Thankfully for all of us, this is not the end of the story for Paul. Having been brought low by his sin, he goes on in the next chapter to provide the hope-filled solution to his (and our) problem with sin. In Christ, who has redeemed us from the curse of God’s law, there is no condemnation. Christ, who is our legal advocate before the judgment seat of God, also gives his Spirit to dwell inside of us.

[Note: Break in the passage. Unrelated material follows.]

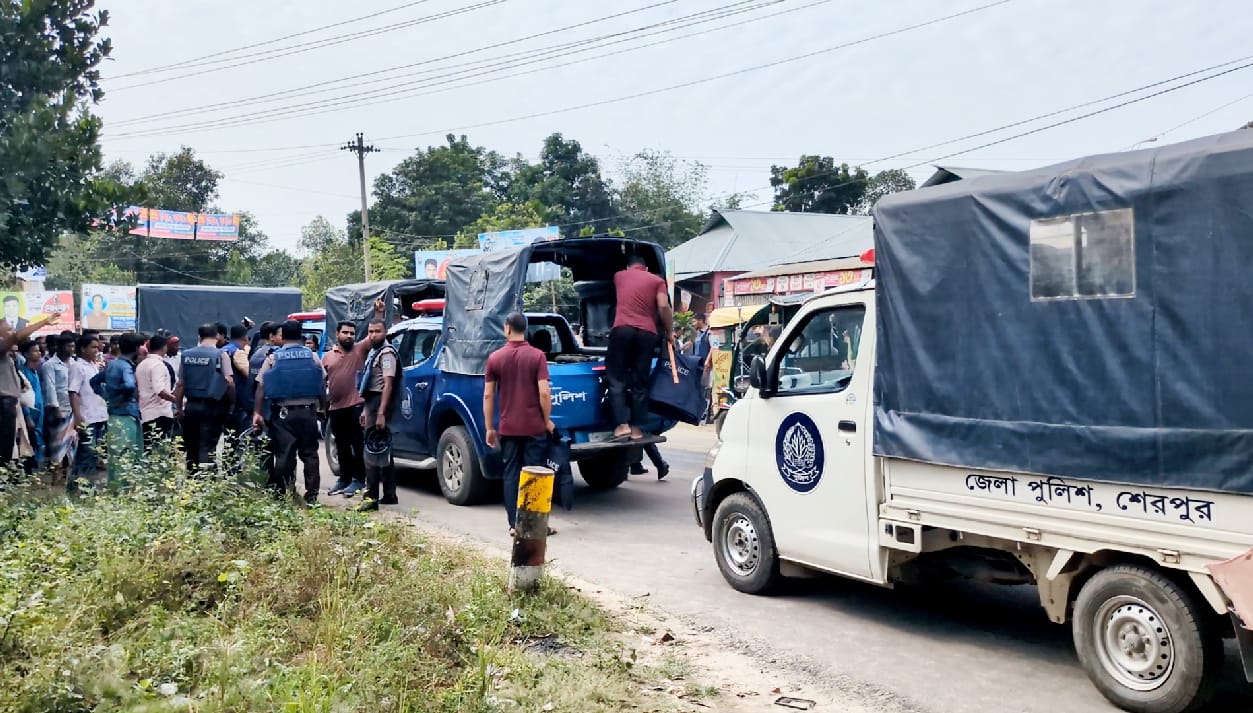শেরপুরে মাইকিং করে দুই গ্রামের সংঘর্ষ, পুলিশসহ আহত বেশ কয়েকজন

The Spirit helps us to pray when we don’t know how, directs our minds toward the things of the Spirit and away from the things of the flesh, and reminds us that nothing in all creation will ever be able to separate us from his love (Romans 8).
Although it is never a good idea to get into a spitting match with an unfair critic who is behaving more like a pig than a friend, there are potentially redemptive ways to address her/his “unfairness,” should it seem right to do so.

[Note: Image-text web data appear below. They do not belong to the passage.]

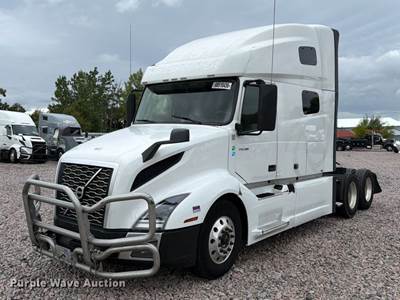 2023 Volvo VNL Semi Truck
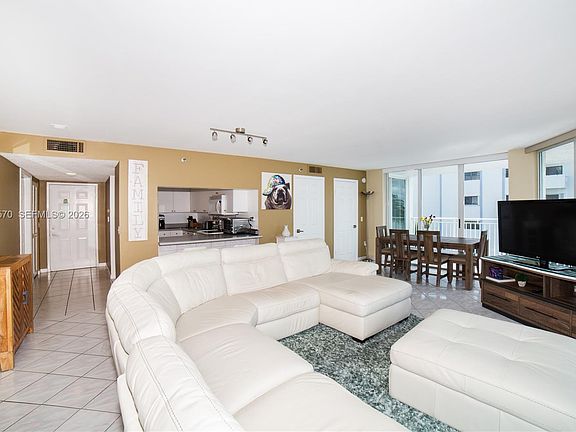 5th image of 18000 N Bay Rd APT 404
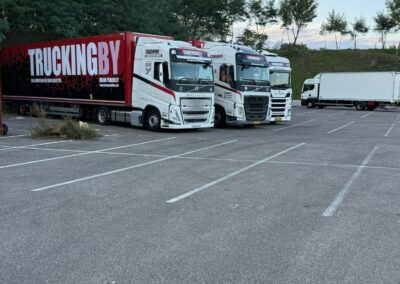  Truck Parking Cesar Palace Parking poids lourd Lyon Truck Parking Grenay espace de stationnement près de Lyon stationnement sécurisé Truck parking ouvert 24h/24 et 7j/7 parking est entièrement clôturé Parking routier douches et toilettes Parking privé poids lourds Parking poids lourd sécurisé Lyon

The story is told of the evangelist Dwight L. Moody, who, while preaching the gospel to a large crowd, had his own “Shimei” experience (for the story of Shimei, see 2 Samuel 16:5-13). A young, self-assured, know-it-all seminary student in the crowd began to publicly challenge the things that Moody, the veteran evangelist, was saying. This student rudely interrupted him several times and tried to trip him up. Eventually, Moody got fed up with the young man’s rude behavior and snapped at him. The evangelist, widely known as one of the world’s most eloquent communicators, used his gift with words to punish the young man, sharply putting him in his place. Thinking that the young man got what he deserved, the crowd showed their hearty approval of Moody’s response. Then, later in his talk, Moody stopped himself and said in front of them all:
“Friends, I have to confess before all of you that at the beginning of my meeting I gave a very foolish answer to my brother down here. I ask God to forgive me, and I ask him to forgive me.”
Moody demonstrated true leadership and greatness in that moment. Though guilty of the seemingly lesser sin, he became the first to repent and apologize. He, the one “in power,” valued his character and the young man in front of him more than he valued saving face. Though he could have said nothing and gone home satisfied that he had soundly defeated the young antagonist in their public standoff, he instead humbled himself and publicly apologized.
If Jesus, who never committed even the smallest offense, would humble himself and make himself nothing for our sakes; if Jesus would lose face in order to save face for us; if Jesus would allow himself to be exposed, criticized, despised and rejected in order to cover our shame and prove his great love for us, then it makes sense that we would want to follow in the footsteps of people like Dwight L. Moody and countless others by humbling ourselves when we are exposed for our shortcomings and sins. For although we are “worse than we think we are,” we are also, as Jack Miller also said, “more loved than we ever dared to hope.”